§ **Exercise objective**: Emit a verbatim copy of the lines below from the line with "nissan note 2008 T10831 image 9" through the line with "Used Volkswagen Tiguan", excluding pictures and everything outside that range.

§ **Data**:
● ● ● ● ● ● ●

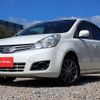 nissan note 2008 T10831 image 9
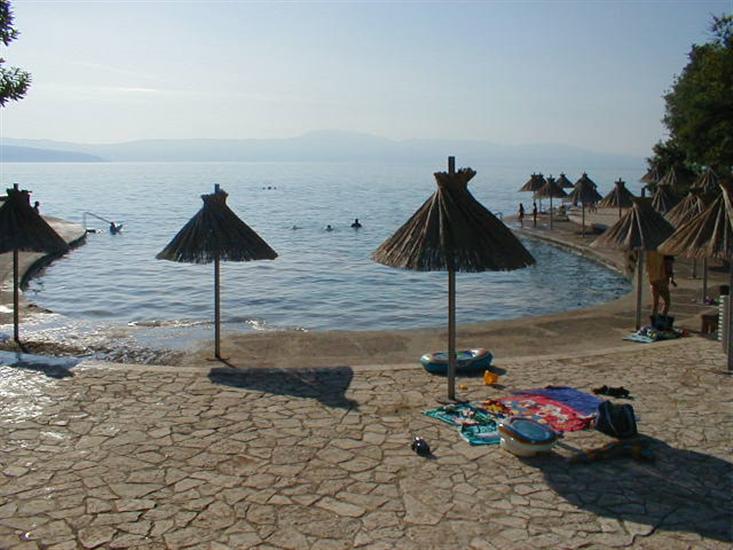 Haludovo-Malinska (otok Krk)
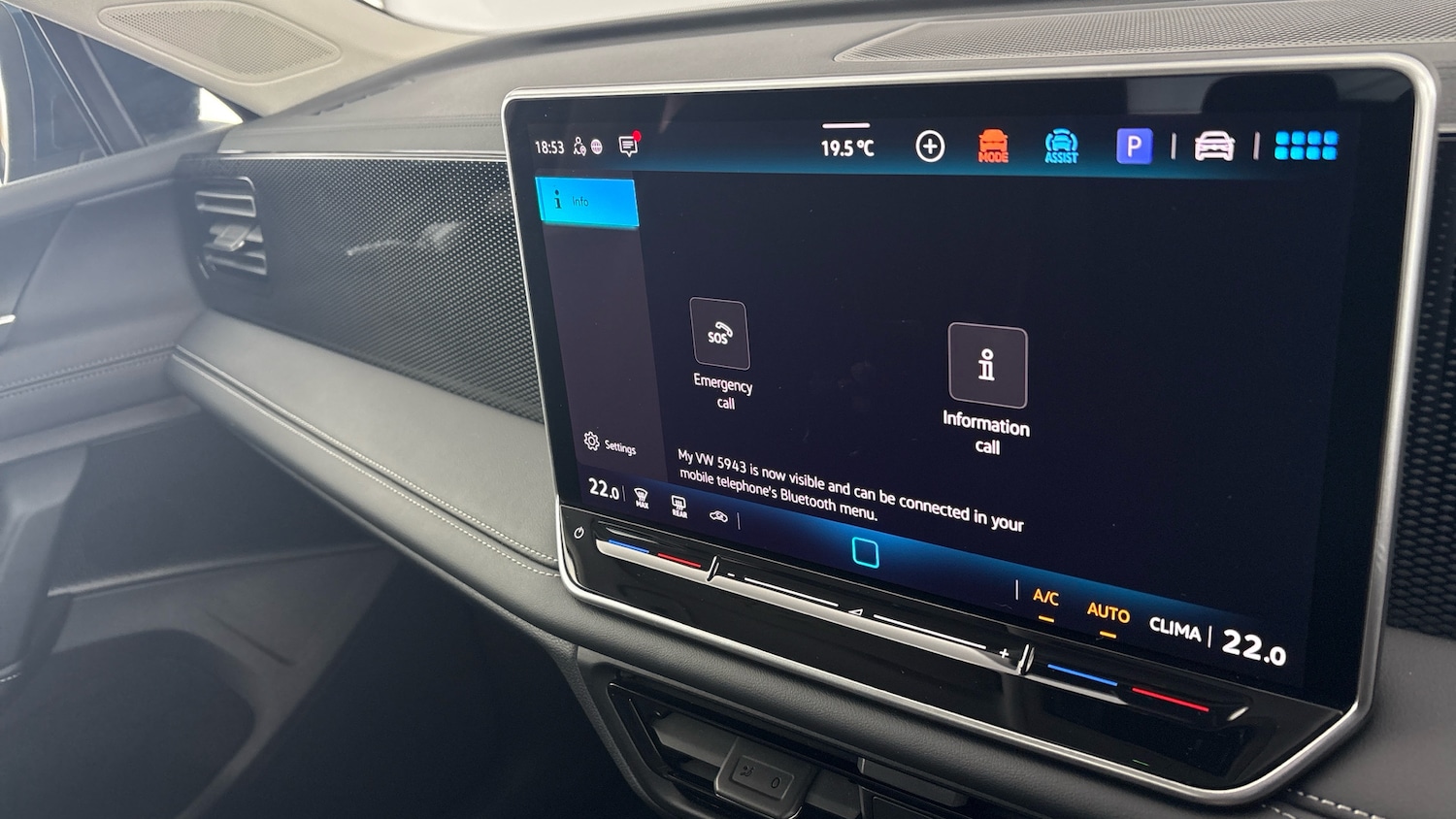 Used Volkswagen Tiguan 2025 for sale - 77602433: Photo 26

● ● ● ● ● ● ●

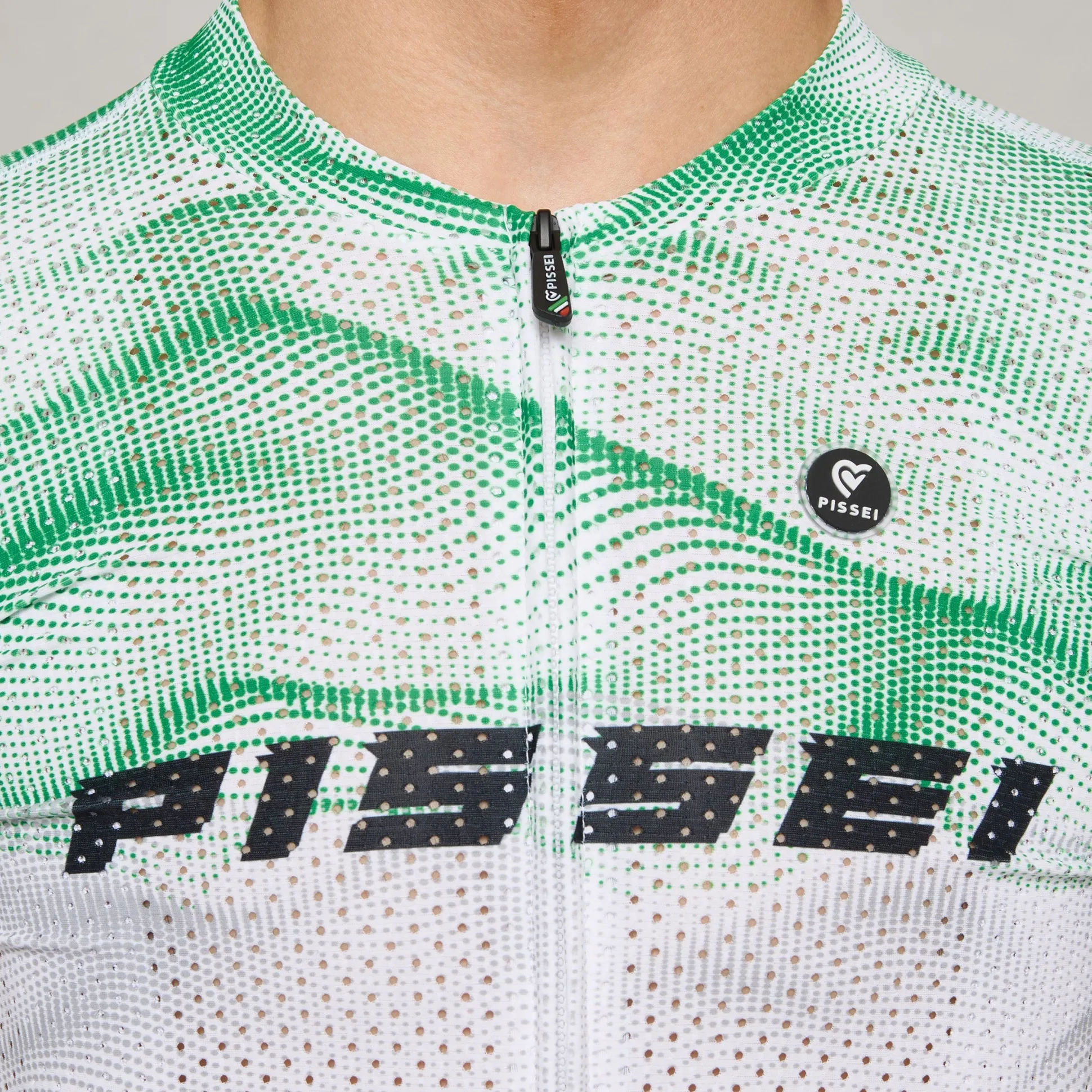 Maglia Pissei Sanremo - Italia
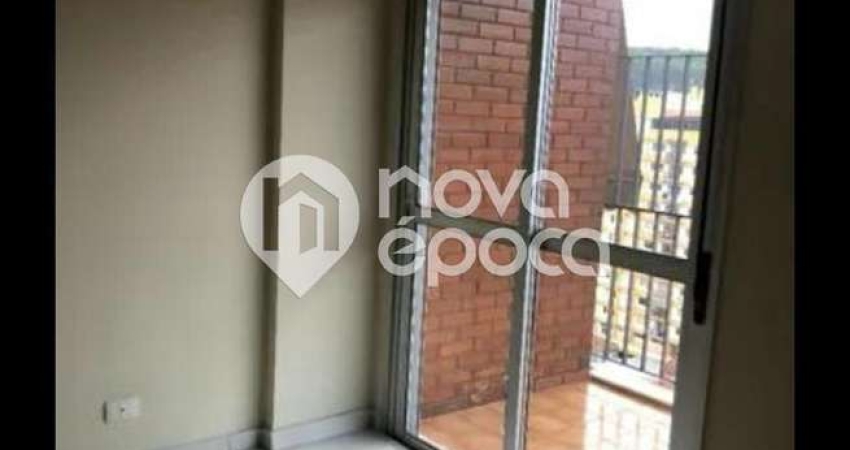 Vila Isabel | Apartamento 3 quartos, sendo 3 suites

● ● ● ● ● ● ●

§ **Task output**:
 nissan note 2008 T10831 image 9
 Haludovo-Malinska (otok Krk)
 Used Volkswagen Tiguan 2025 for sale - 77602433: Photo 26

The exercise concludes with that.